To verify biological activity of poly ICLC in the cotton rat model, induction of IFN response by poly ICLC was measured (Fig. 1A). Type I and II IFNs induction was assessed by monitoring dynamics of pulmonary IFN-β and IFN-γ mRNA expression, respectively, as well as by measuring up-regulation of mRNA for Mx-1 (a type I IFN-inducible gene) and IP-10 (a chemokine inducible by both type I and type II IFNs). Poly ICLC induced a strong IFN response in the cotton rat lung. Up-regulation of IFN-β, IFN-γ, Mx-1, and IP-10 mRNA was maximal 24–48 h after poly ICLC administration and declined to basal levels by day 8. A pronounced dose dependence of the effect was seen, with 40 μg poly ICLC inducing maximal IFN mRNA responses.
Interferon-inducing effect of poly ICLC was accompanied by an increased cellular infiltration in the lung (primarily monocytes and neutrophils) around bronchioles (peribronchiolitis), small blood vessels (perivasculitis), within lung interstitium (interstitial pneumonitis), and alveolar lumen (alveolitis) (Figs. 1B and and2).2). Maximum histopathology was seen in animals inoculated with 40 μg poly ICLC, and no inflammatory response was detected in the lungs of animals inoculated with 1 μg poly ICLC. The dynamics of the inflammatory response differed from that of the IFN response kinetically, with maximum histopathology observed between days 2 and 5 after the treatment. Other features of pulmonary inflammation, such as an increase in bronchoalveolar lavage (BAL) protein content and an increase in the percentage of neutrophils in BAL, were also detected in poly ICLC-treated animals. BAL protein content increased from 63.0 ± 11.6 μg/mL in saline-treated animals to 134.7 ± 10.3 μg/mL in animals treated with 40 μg poly ICLC 5 days earlier (P < 0.05). Significantly larger number and percentage of neutrophils (17.7% of all BAL cells) was found in the BAL of poly ICLC-treated cotton rats compared to saline-treated animals (Fig. 3A). The number of macrophages was also increased by poly ICLC treatment, with a fraction of macrophages in BAL of poly ICLC-treated animals (~15%) displaying enlarged morphology with more intense staining in the cytoplasm. These cells were later also detected in BAL of influenza- or RSV-infected animals treated with poly ICLC (Fig. 3B).

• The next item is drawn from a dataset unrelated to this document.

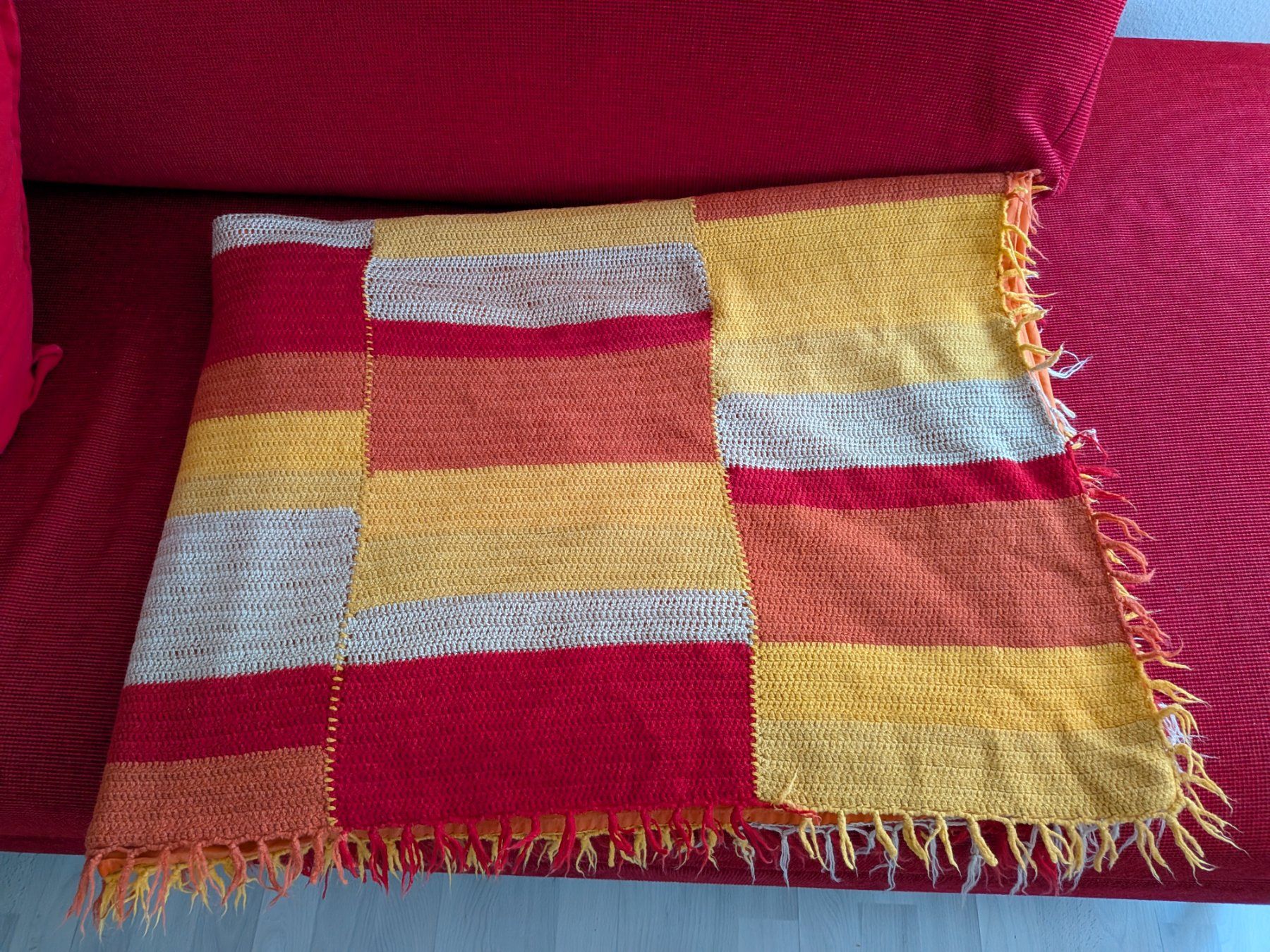 Coperte: Häkeldecke, Bett- oder Sofaüberwurf – Usato da Emmen venduto da magelan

The antiviral action of IFN against influenza is a staple of IFN function that originally led to discovery of IFN. To determine whether poly ICLC-induced IFN can inhibit influenza replication in cotton rats, animals were inoculated with 1–40 μg of poly ICLC and challenged with A/Wuhan/359/95 influenza virus 24 h later. Lungs were collected for viral titrations 1 day after infection, the time of maximum influenza replication in the cotton rat lung (Ottolini and others 2005). Poly ICLC treatment inhibited influenza replication in a dose-dependent manner, with 40 μg poly ICLC producing maximal, and 1 μg poly ICLC producing minimal inhibition (Fig. 4A). To determine whether the antiviral effect of poly ICLC was accompanied by changes in pulmonary inflammation during influenza infection, pulmonary histopathology was measured in the lungs of cotton rats inoculated with influenza after saline or poly ICLC treatment (40 μg of poly ICLC per animal). Infection of cotton rats with influenza virus led to a strong pulmonary inflammatory response that peaked on day 4 and declined on day 7 post-infection (Figs. 2 and and4B).4B). Treatment of cotton rats with poly ICLC prior to influenza infection had no significant effect on the dynamics or magnitude of pulmonary pathology of the disease (Fig. 4B). Analysis of inflammatory changes in the BAL of these animals revealed a decreased presence of macrophages in the airway spaces (Fig. 3A), although an increased number of enlarged macrophages was seen in the BAL of influenza-infected cotton rats treated with poly ICLC compared to influenza-infected animals treated with saline (data not shown).
In contrast to influenza, antiviral potential of IFN against RSV infection remains controversial (Sperber and Hayden 1989; Merolla and others 1995; Guerrero-Plata and others 2005; Johnson and others 2005; Rudd and others 2005; Jewell and others 2007). To clarify this issue in the cotton rat model, the poly ICLC dose with the strongest IFN-inducing ability, 40 μg per animal, was tested for its effect on RSV infection (Fig. 5). Cotton rats were treated with poly ICLC and infected with RSV 24 h later. Animals were sacrificed on various days after infection for analysis of viral load (Fig. 5A), pulmonary histopathology (Figs. 2 and and5B),5B), and BAL changes (Fig. 3). Two strains of RSV, A/Long and A/A2, were included in this experiment because of their reported differences with respect to IFN response (Schlender and others 2005).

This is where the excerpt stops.